• WHAT THE TASK REQUIRES
Without including pictures, set down every record exactly as it stands.

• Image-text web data
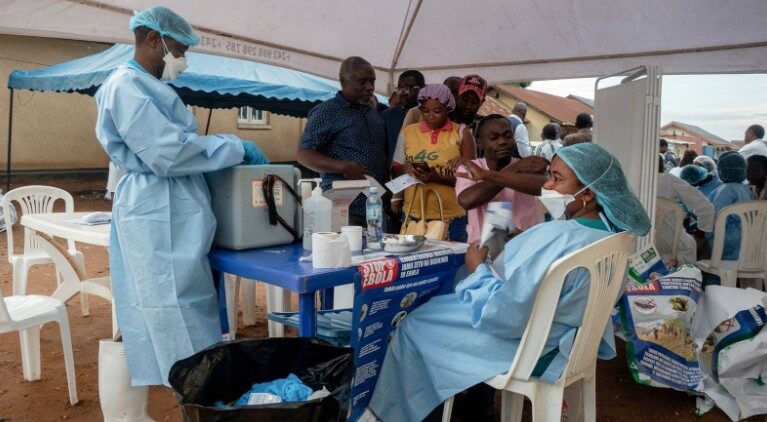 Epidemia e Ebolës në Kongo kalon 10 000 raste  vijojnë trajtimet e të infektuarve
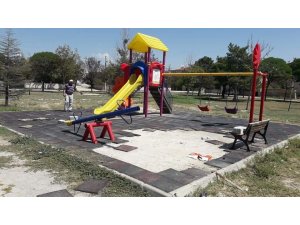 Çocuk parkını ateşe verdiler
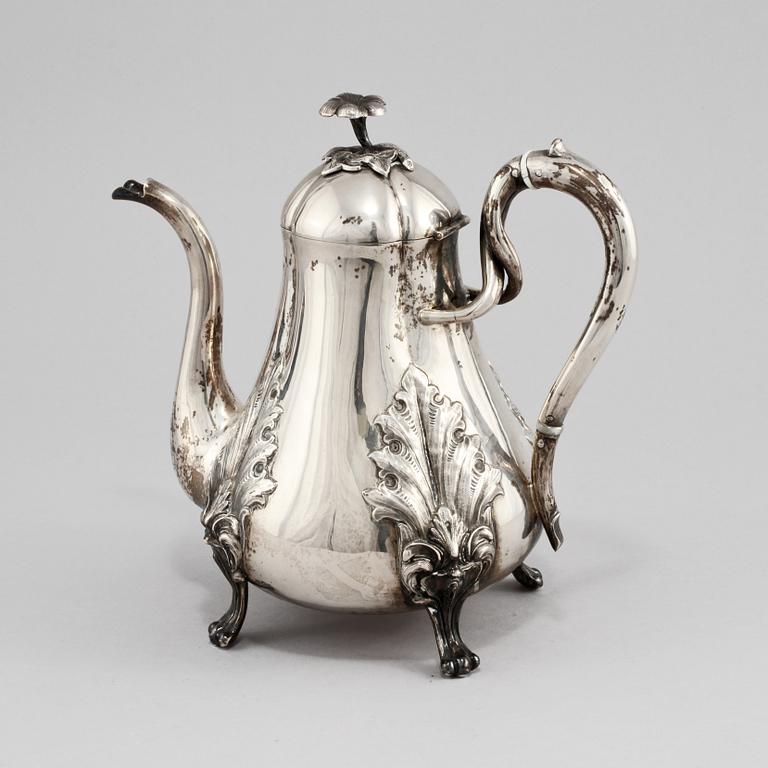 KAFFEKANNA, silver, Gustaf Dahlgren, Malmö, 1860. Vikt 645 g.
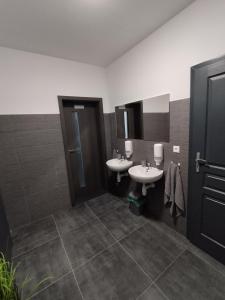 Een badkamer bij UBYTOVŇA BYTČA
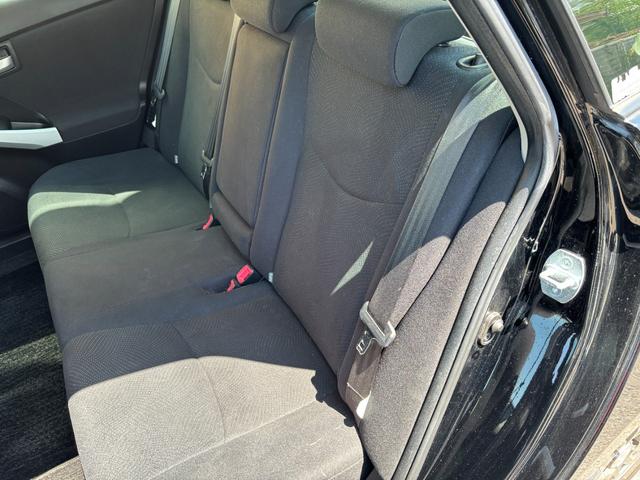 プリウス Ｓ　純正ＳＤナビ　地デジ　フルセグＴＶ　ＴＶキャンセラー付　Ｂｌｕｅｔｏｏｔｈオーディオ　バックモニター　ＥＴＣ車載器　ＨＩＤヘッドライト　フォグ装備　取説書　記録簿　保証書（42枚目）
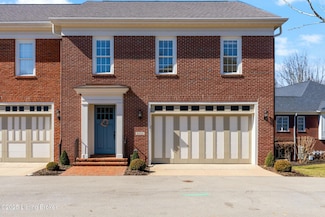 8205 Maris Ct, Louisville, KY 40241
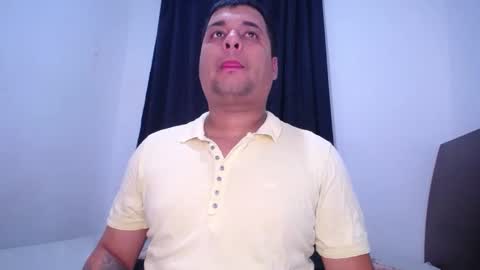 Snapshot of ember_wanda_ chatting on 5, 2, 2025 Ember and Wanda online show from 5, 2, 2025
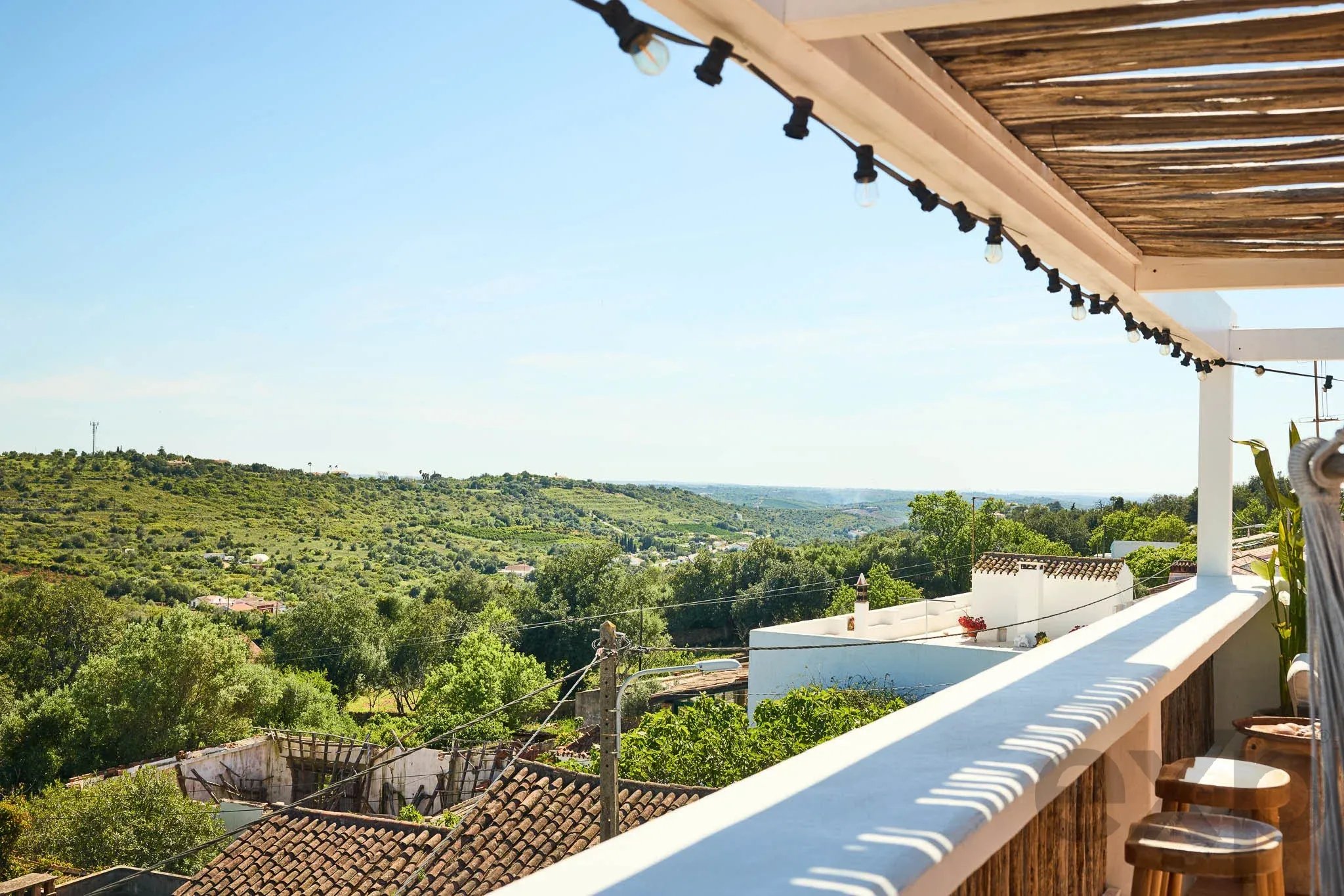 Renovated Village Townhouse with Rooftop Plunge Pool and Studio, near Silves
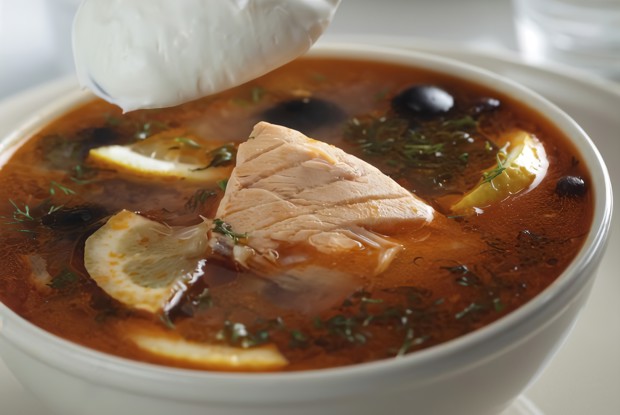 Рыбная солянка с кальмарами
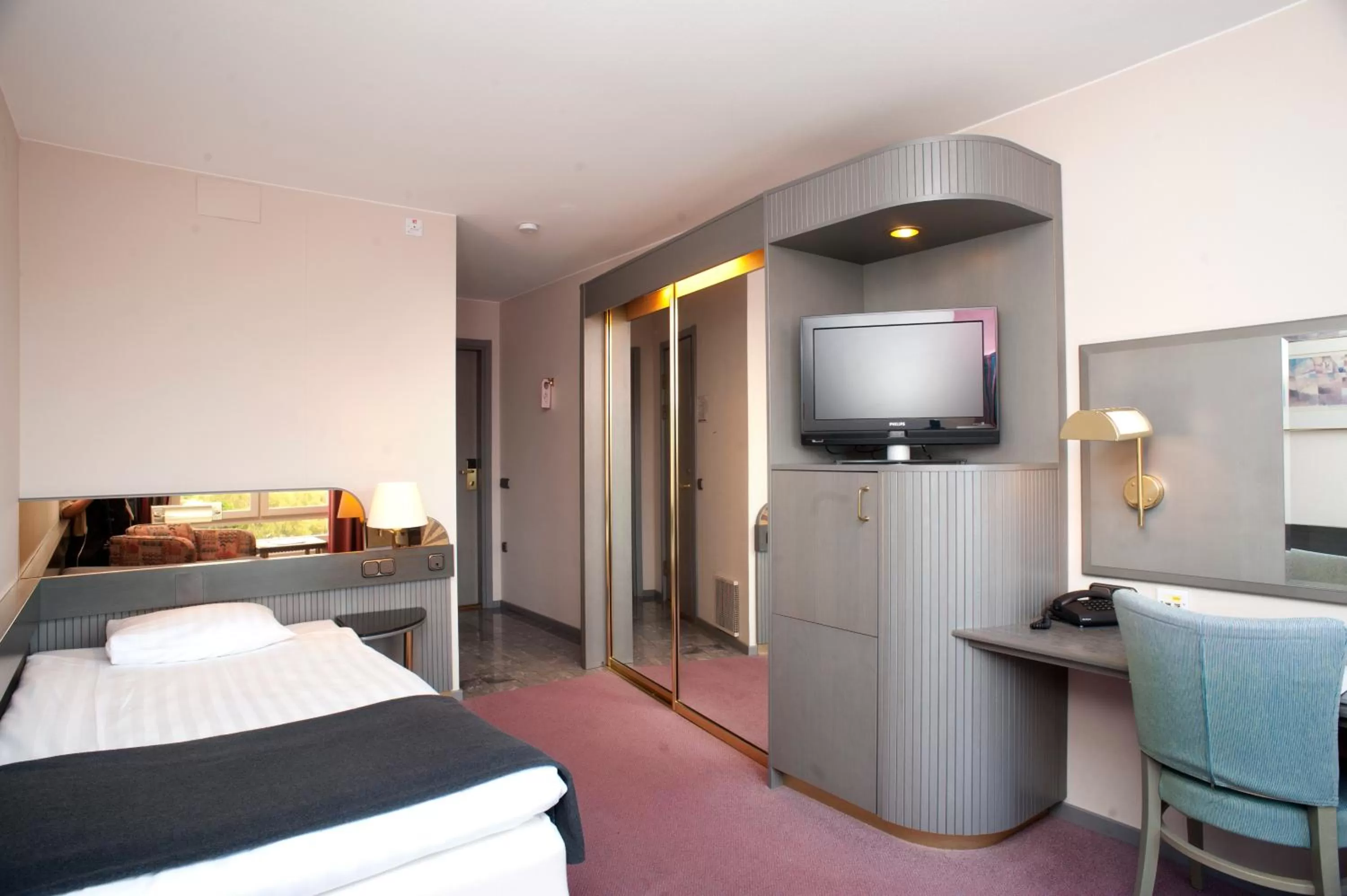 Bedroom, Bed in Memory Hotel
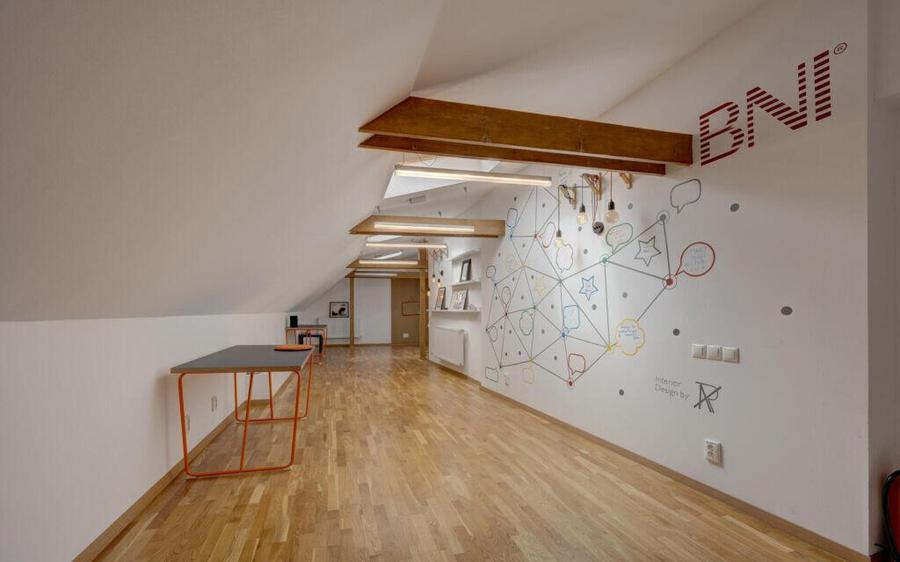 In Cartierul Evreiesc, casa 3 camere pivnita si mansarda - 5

• ANSWER TO THIS EXERCISE
 Epidemia e Ebolës në Kongo kalon 10 000 raste  vijojnë trajtimet e të infektuarve
 Çocuk parkını ateşe verdiler
 KAFFEKANNA, silver, Gustaf Dahlgren, Malmö, 1860. Vikt 645 g.
 Een badkamer bij UBYTOVŇA BYTČA
 プリウス Ｓ　純正ＳＤナビ　地デジ　フルセグＴＶ　ＴＶキャンセラー付　Ｂｌｕｅｔｏｏｔｈオーディオ　バックモニター　ＥＴＣ車載器　ＨＩＤヘッドライト　フォグ装備　取説書　記録簿　保証書（42枚目）
 8205 Maris Ct, Louisville, KY 40241
 Snapshot of ember_wanda_ chatting on 5, 2, 2025 Ember and Wanda online show from 5, 2, 2025
 Renovated Village Townhouse with Rooftop Plunge Pool and Studio, near Silves
 Рыбная солянка с кальмарами
 Bedroom, Bed in Memory Hotel
 In Cartierul Evreiesc, casa 3 camere pivnita si mansarda - 5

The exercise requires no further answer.